The important point is that there is really no real need to even mention the superfluous and (as we have seen) confusing superstructure of score voting. BAV can be described on its own and still stand quite comfortably on its own, with no help or (more likely) hindrance from the score voting formalism.
Out of a distaste for negative numbers, some people might still object to BAV even though no negative scores are mentioned. Nevertheless, the computed net vote for a candidate can turn negative, in which case considerations of courtesy might raise an objection to advertising such a fact. A negative net vote would reveal how widely opposed a candidate to be. And a candidate with a negative net vote might even win election and that would reveal that all of the candidates to be, on balance, opposed by the voters.
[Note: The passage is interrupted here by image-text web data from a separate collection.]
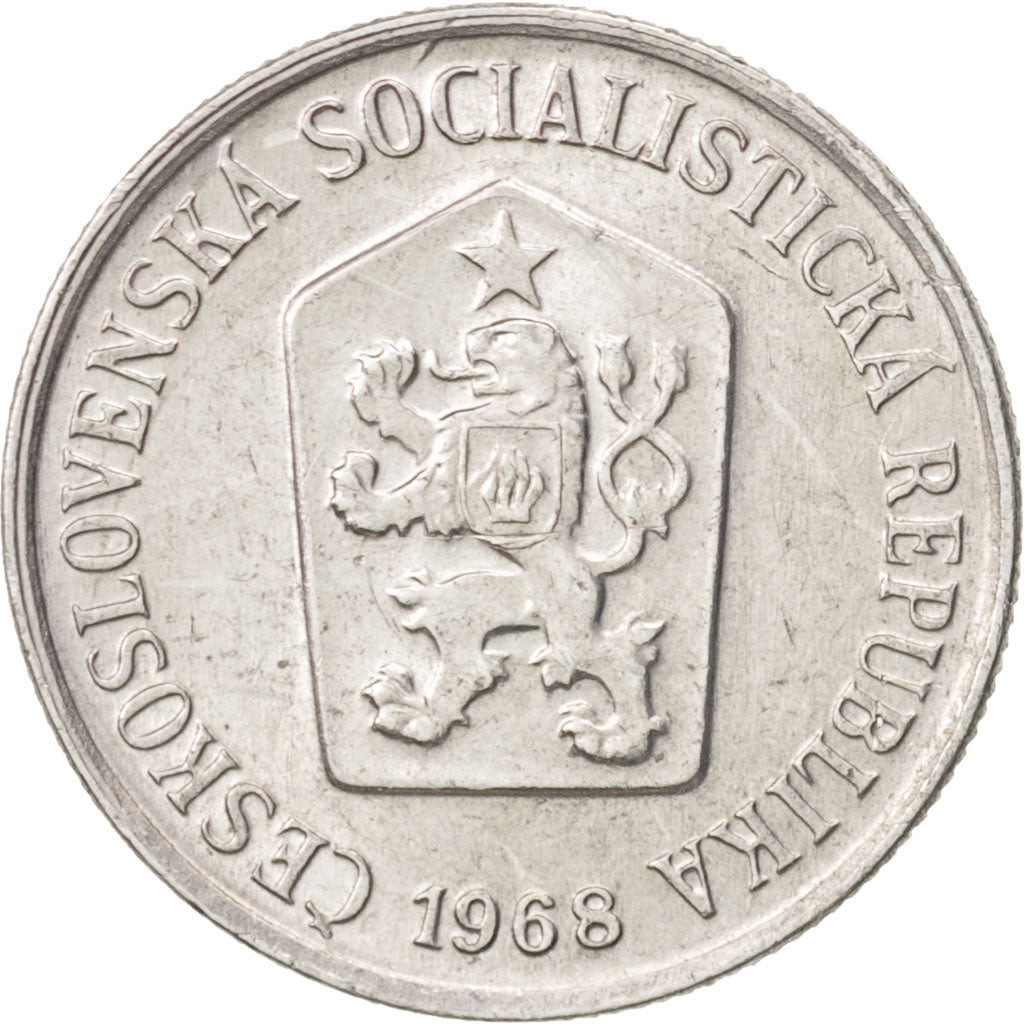 Czechoslovakia, 10 Haleru, 1968, AU(50-53), Aluminum, KM:49.1
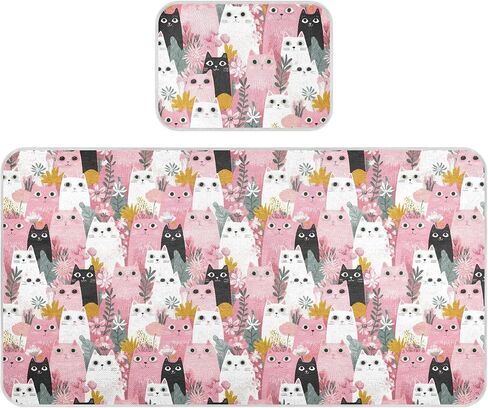 Cute Cartoon Paradise Cat Pink Cooling Baby Mattress Cover 28" x 52" Washable Bed Pads Disposable for Kids, Adult in Kuwait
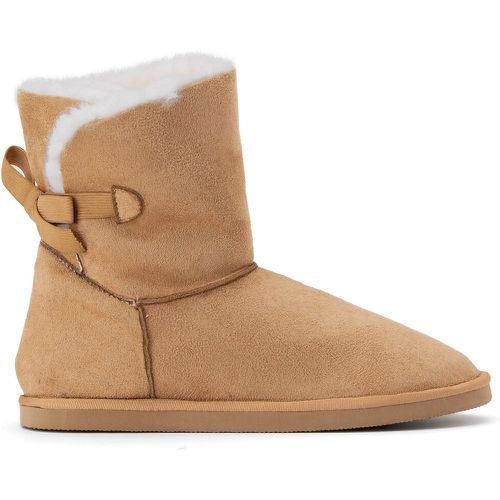 Faux Fur-Lined Ankle Boots with Flat Heel and Bow Trim - LA REDOUTE COLLECTIONS - Modalova
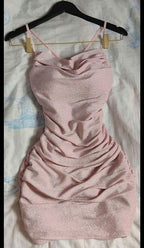 Glitzerrosa Kleid Sexy Clubkleid Rosa Minikleid Abschlussballkleid Y680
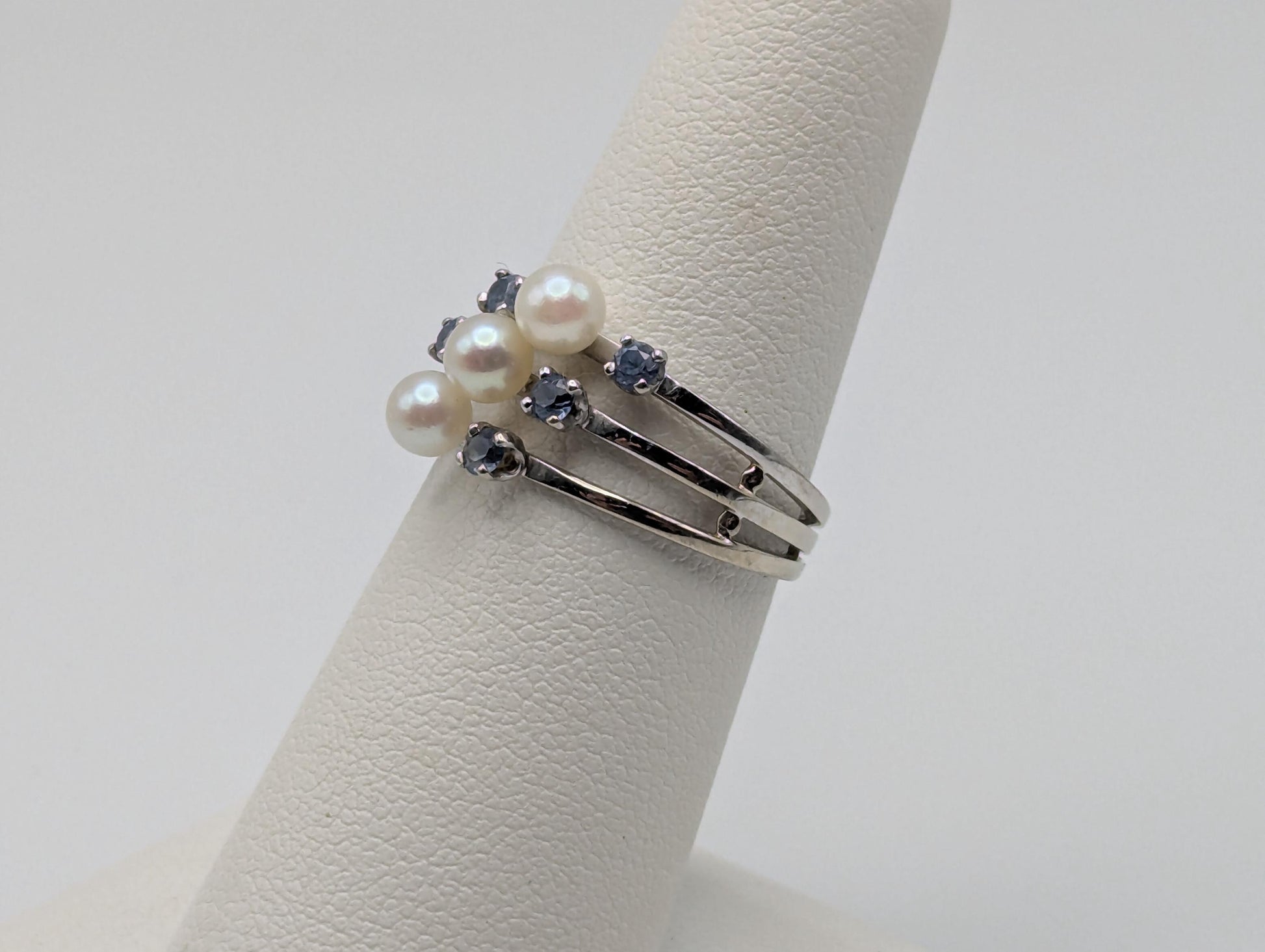 14k White Gold Tanzanite and Pearl Multiband Ring Cocktail Ring Vintage Statement Ring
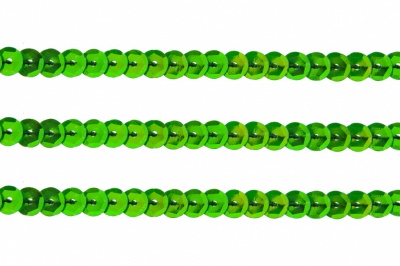 Пайетки "ОмТекс" на нитях, CREAM, 6 мм С / упак.73+/-1м, цв. 94 - зеленый - купить в Кемерово. Цена: 297.48 руб.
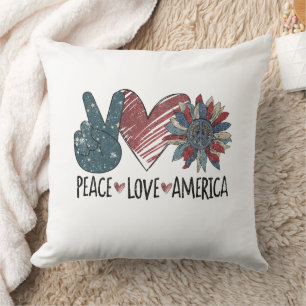 Peace Kärlek Amerika Kudde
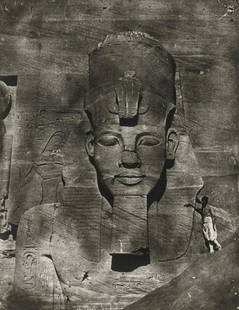 MAXIME DU CAMP - Ibsamboul, Great Temple: Artist: Maxime Du Camp Title: Ibsamboul, Colossus of the Great Temple Spheos Medium: Duotone Photo Litho, 1982, USA Dimensions: 6x7.8" Description: Heat Wax Mounted on 11x14" Conservation Board Artist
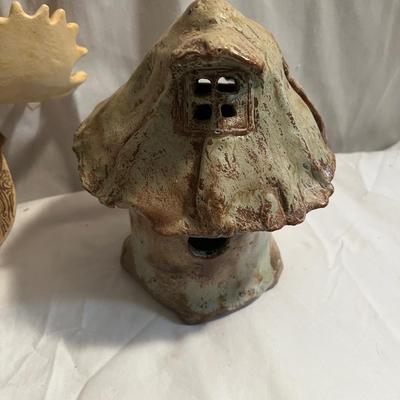 Signed Pottery - Gnome House, Moose & Leaf Dishes (LR-RG)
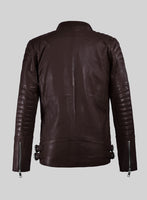 Thunderbolt Burgundy Moto Leather Jacket - StudioSuits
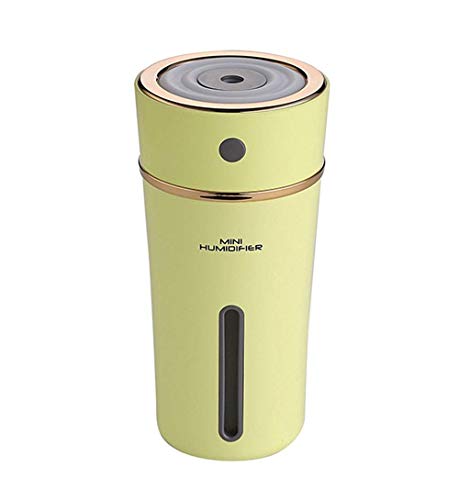 Topallnice Rechargeable Air Humidifier Yellow，Car Humidifier 300ml Portable Ultrasonic Cup Humidifier for Car Home Office Baby Living Room，Yoga with Automatic Shut off, Night Light Function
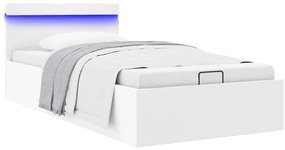 Cama hidráulica c/ arrumação LED 90x200cm couro artifi. branco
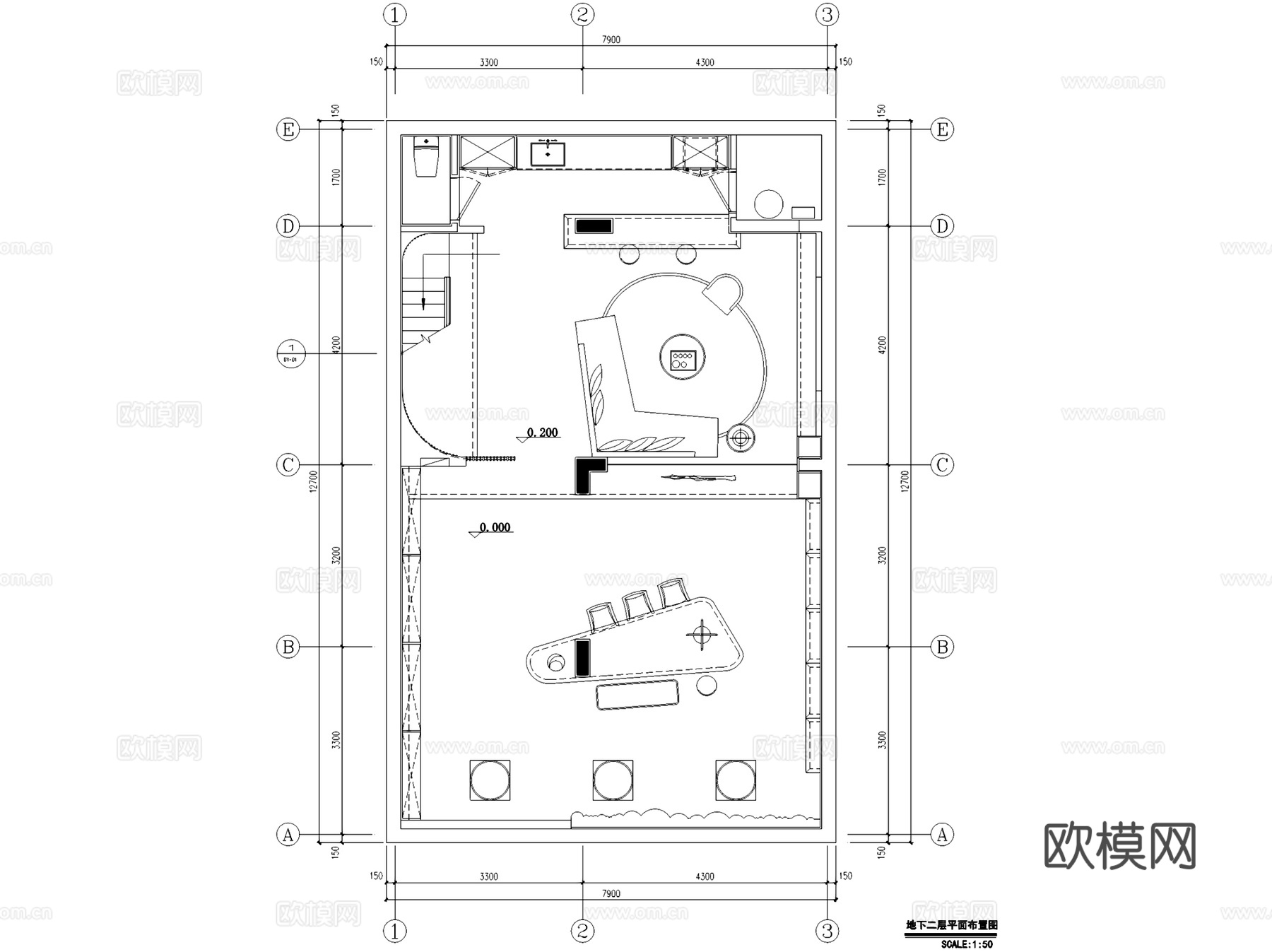 北京亿城燕西书院华府中式四层合院别墅室内家装CAD施工图整套cad施工图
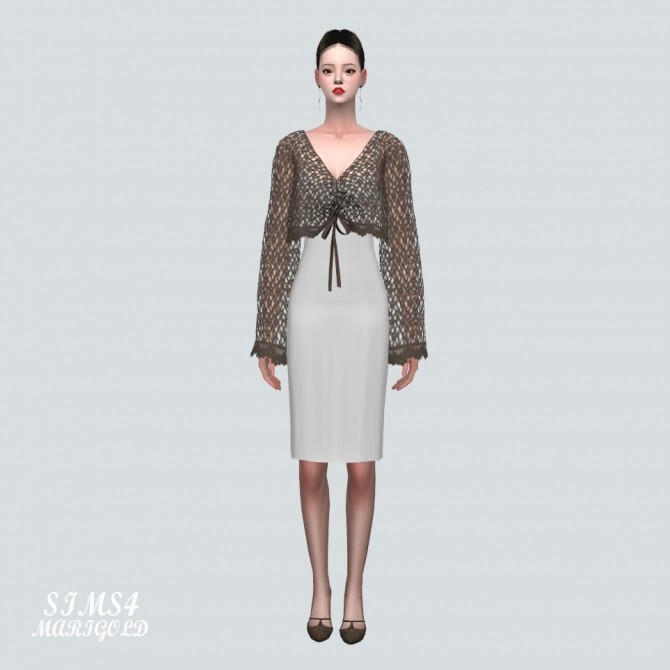 Sims 4 See through Knit With Midi Dress at Marigold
How embarrassing it would be to openly admit such a failure of democracy.
My personal view is that it actually is foolish to cover up such unpleasant truths when they happen; exposure may be just what needed to encourage there to be more suitable candidates in future elections.
But with BAV such a cover-up would not be difficult and as a demonstration, In fact, Latvia has adopted a version of BAV that does exactly that. Instead of computing the net vote as I described above, Latvia computes what we might call the election score as the sum of the net vote and the number of voters. The election outcome remains unchanged, but unlike the net vote, the election score will always be nicely positive (and possibly no one will even notice how unpopular the candidates are).